> Provided data:
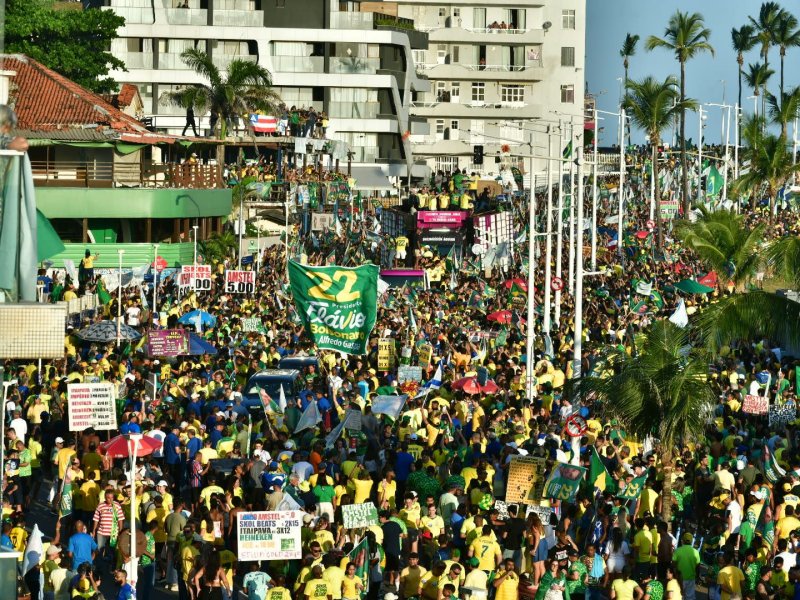 Ato de Flávio Bolsonaro reúne multidão no Farol da Barra, em Salvador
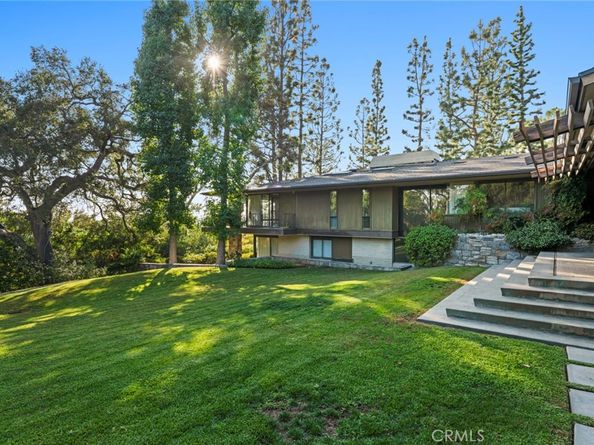 1458 Hillcrest, Pasadena CA 91106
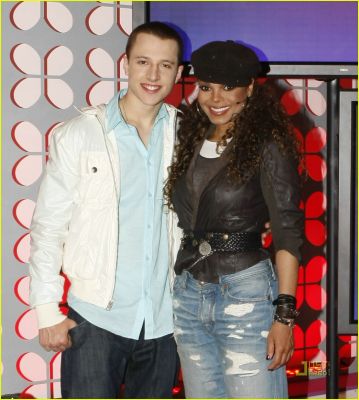 janet-jackson-dance-on-sunset-09.jpg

> Task brief: Without any pictures, transcribe the listing above exactly as written.

> Response:
 Ato de Flávio Bolsonaro reúne multidão no Farol da Barra, em Salvador
 1458 Hillcrest, Pasadena CA 91106
 janet-jackson-dance-on-sunset-09.jpg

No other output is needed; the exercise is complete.